-- Data for the task follows --

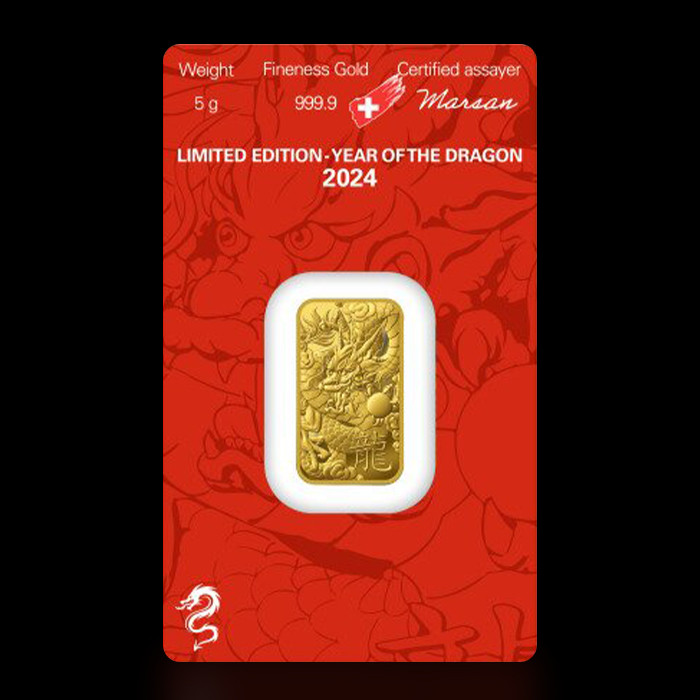 Lingot de aur de 5 grame Argor – Heraeus, Anul Dragonului 2024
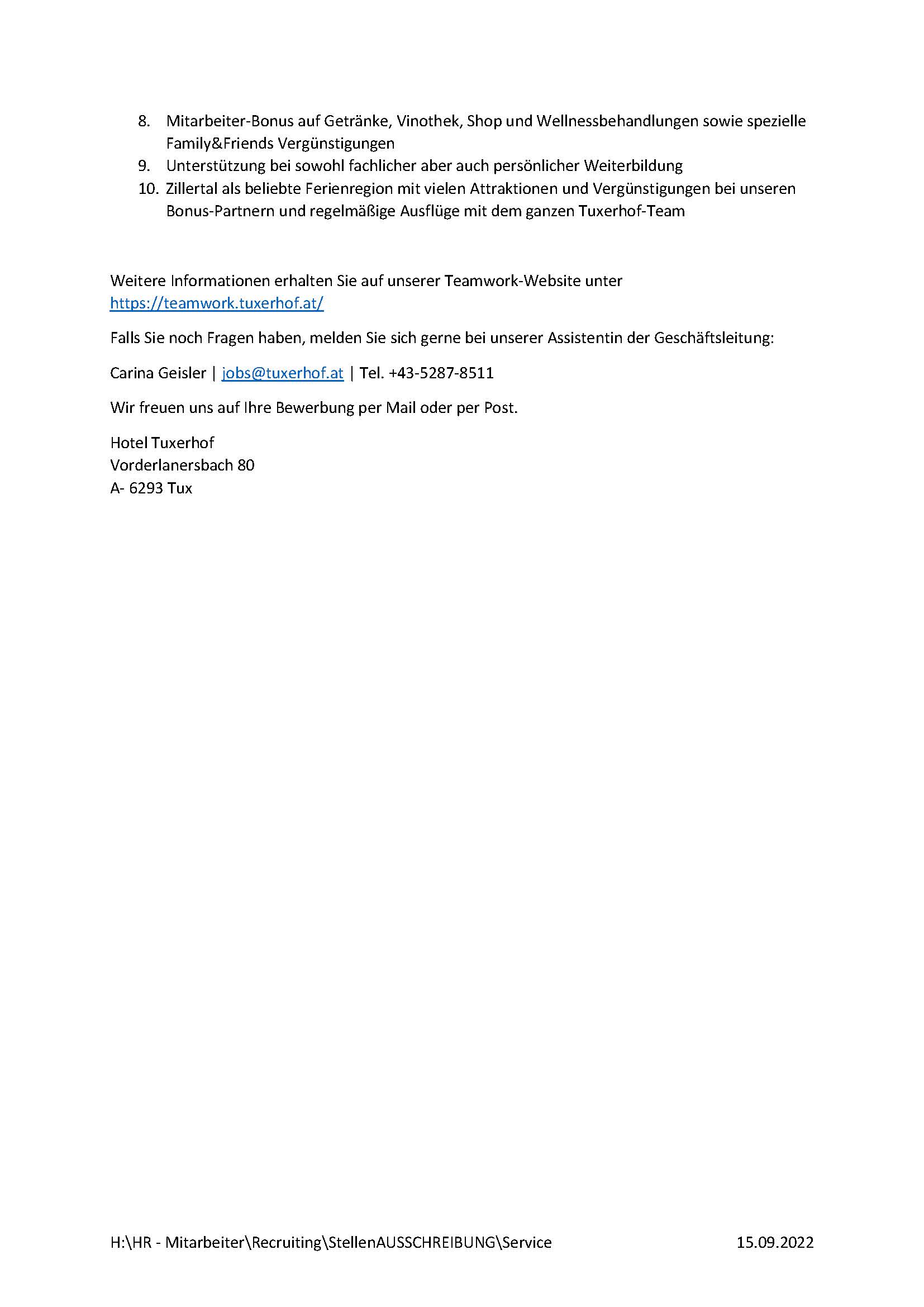 Stellenaussschreibung SOMMELIER Alpin Spa Hotel Tuxerhof Seite 2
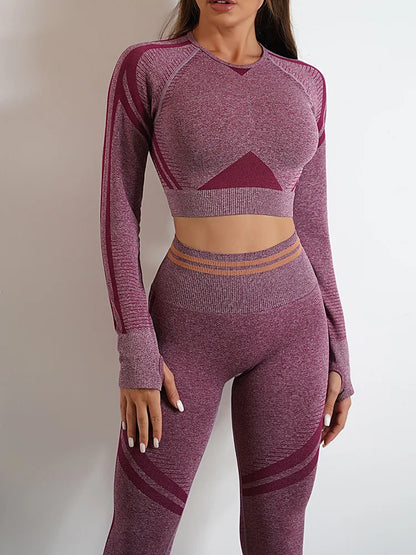 Women's Seamless Yoga Set with High Waist Leggings and Long Sleeve Top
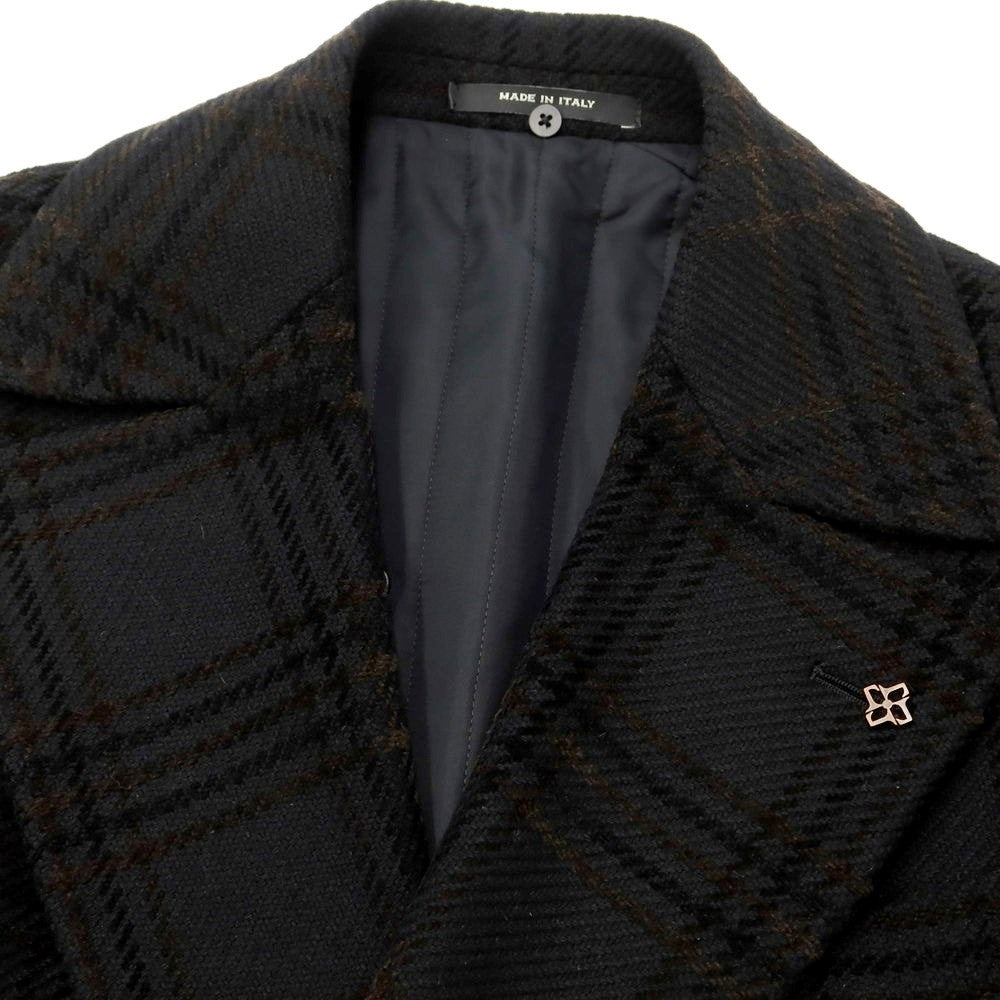 [Used] TAGLIATORE wool cotton check fur double-breasted coat in black [Size 46] [BLK] [A/W] [Condition Rank B] ​​[Men&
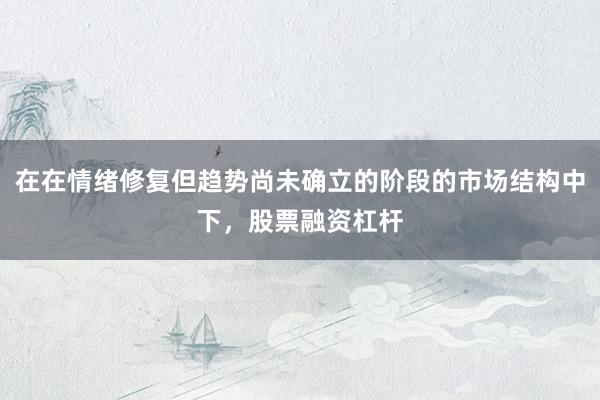 在在情绪修复但趋势尚未确立的阶段的市场结构中下，股票融资杠杆
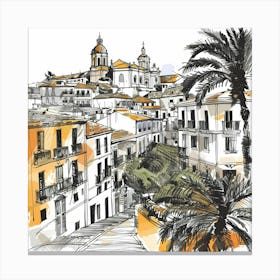 Sketch Of A City In Spain Canvas Print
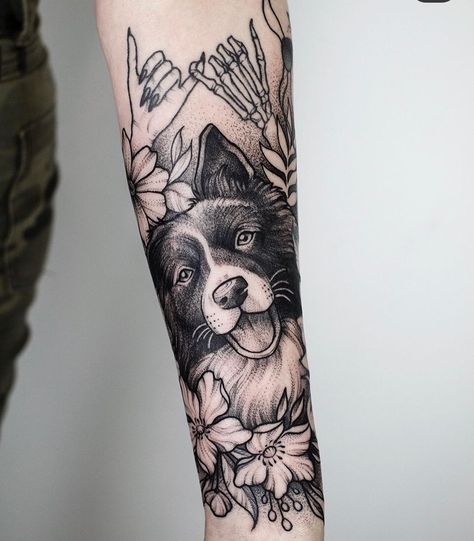 19 Border Collie Tattoo Ideas | Page 5 of 5 | The Dogman Collie Dog Tattoo Ideas, Forearm Dog Tattoo Women, Border Collie Tattoo Ideas, Dog Tattoo Border Collie, Aussie Tattoo Australian Shepherd, 2 Dog Tattoo Ideas, Border Collie Tattoo Outline, Dog Forearm Tattoo, Dog Portrait Tattoo Flowers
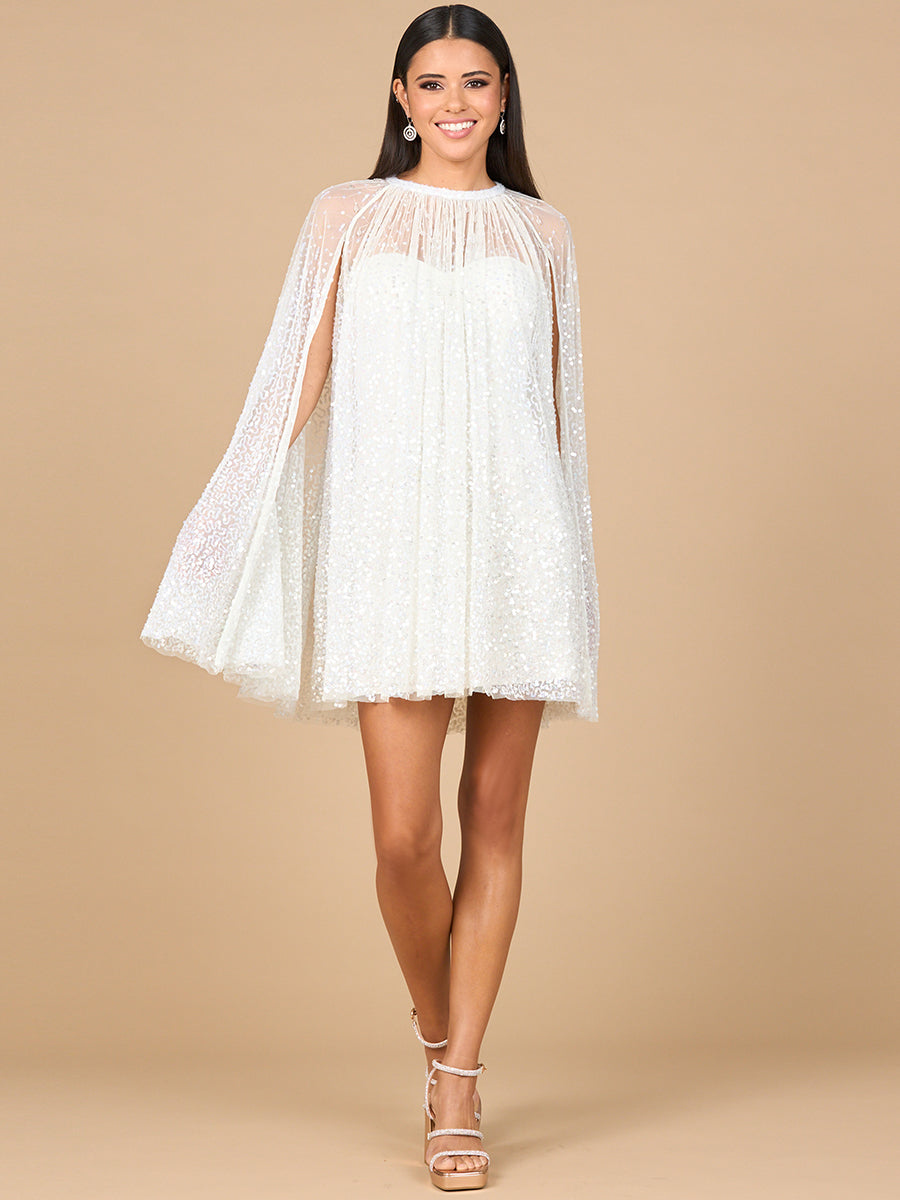 Beaded Bridal Cape Dress | 51192 - JUSTLUXURY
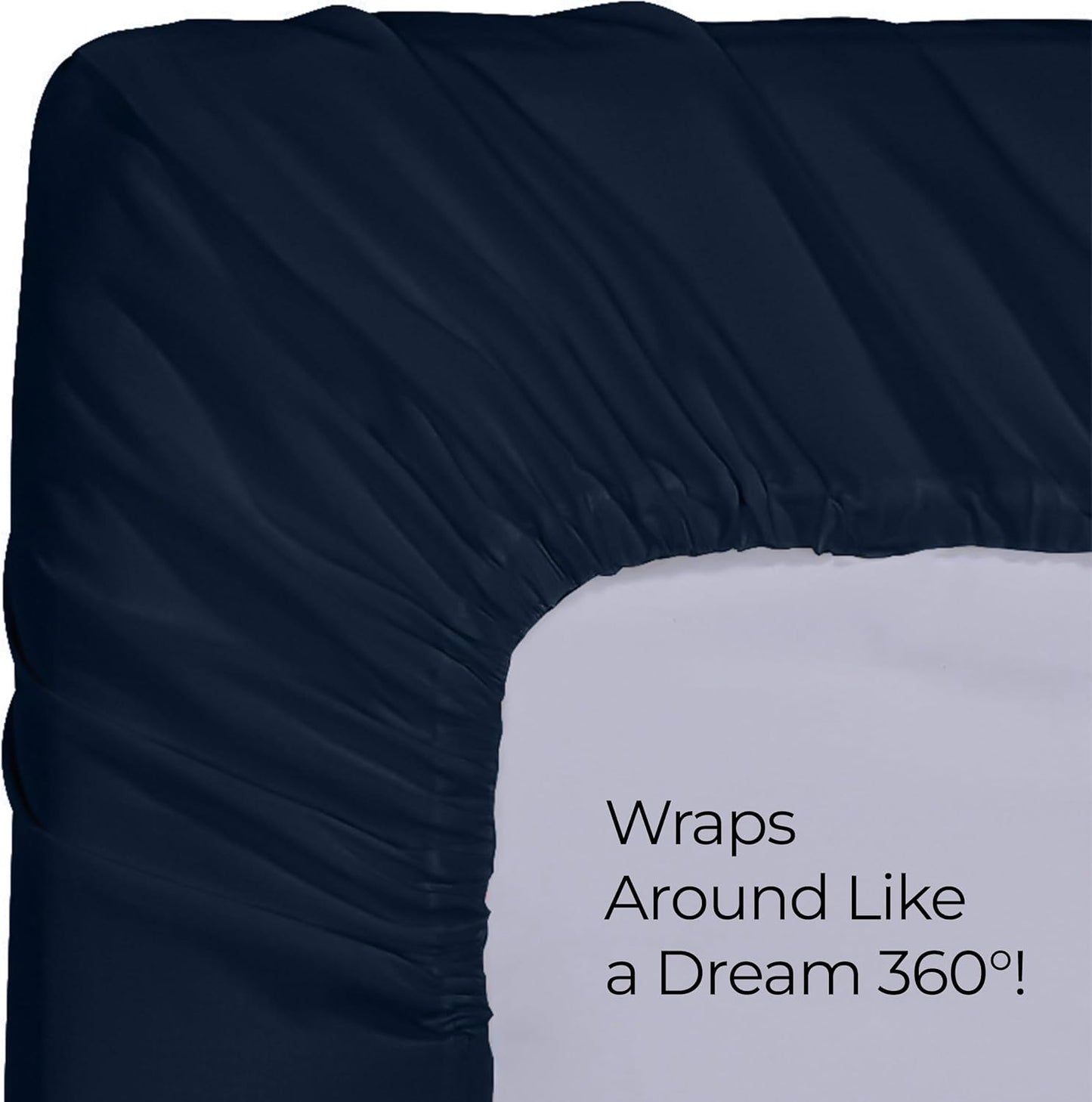 Utopia Bedding Twin Fitted Sheet - Soft Microfiber - Deep Pocket, Shrinkage & Fade Resistant | Navy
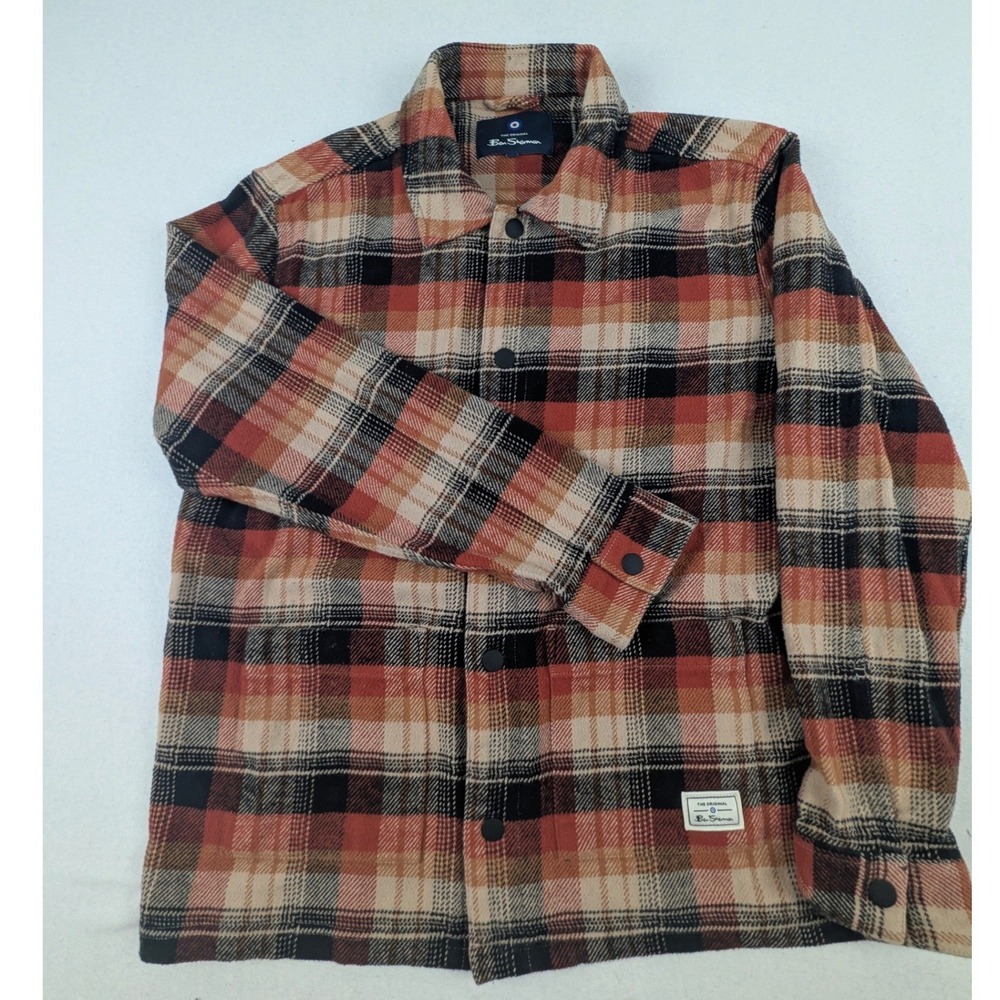 Ben Sherman Mens Plaid Cotton Button Down Shirt Orange Brown Long Sleeve Large - Picture 2 of 13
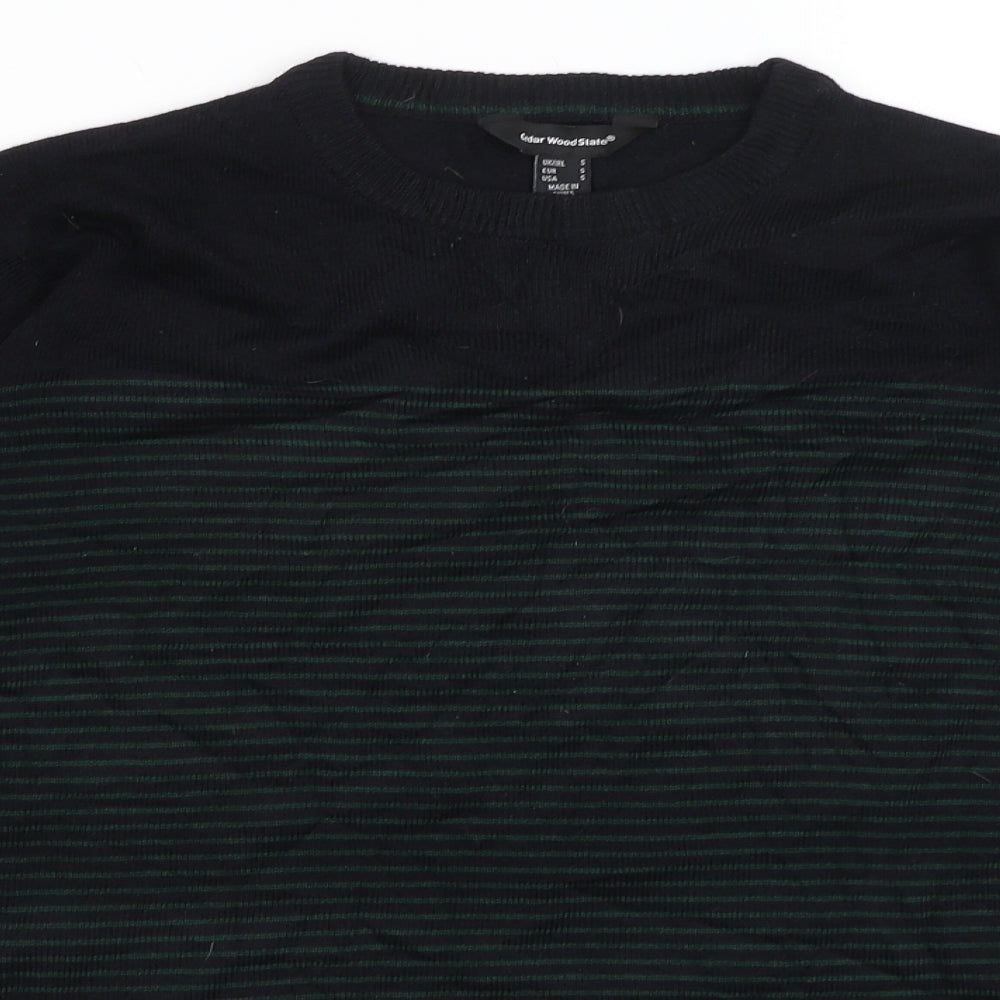 Cedar Wood State Mens Blue Striped  Pullover Jumper Size S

-- Data for the task concluded --

> [Task item]: Your task is to repeat exactly the lines from the beginning of the data to the line that contains "Beaded Bridal Cape", both ends included, leaving out pictures.

> [Finished task]:
 Lingot de aur de 5 grame Argor – Heraeus, Anul Dragonului 2024
 Stellenaussschreibung SOMMELIER Alpin Spa Hotel Tuxerhof Seite 2
 Women's Seamless Yoga Set with High Waist Leggings and Long Sleeve Top
 [Used] TAGLIATORE wool cotton check fur double-breasted coat in black [Size 46] [BLK] [A/W] [Condition Rank B] ​​[Men&
 在在情绪修复但趋势尚未确立的阶段的市场结构中下，股票融资杠杆
 Sketch Of A City In Spain Canvas Print
 19 Border Collie Tattoo Ideas | Page 5 of 5 | The Dogman Collie Dog Tattoo Ideas, Forearm Dog Tattoo Women, Border Collie Tattoo Ideas, Dog Tattoo Border Collie, Aussie Tattoo Australian Shepherd, 2 Dog Tattoo Ideas, Border Collie Tattoo Outline, Dog Forearm Tattoo, Dog Portrait Tattoo Flowers
 Beaded Bridal Cape Dress | 51192 - JUSTLUXURY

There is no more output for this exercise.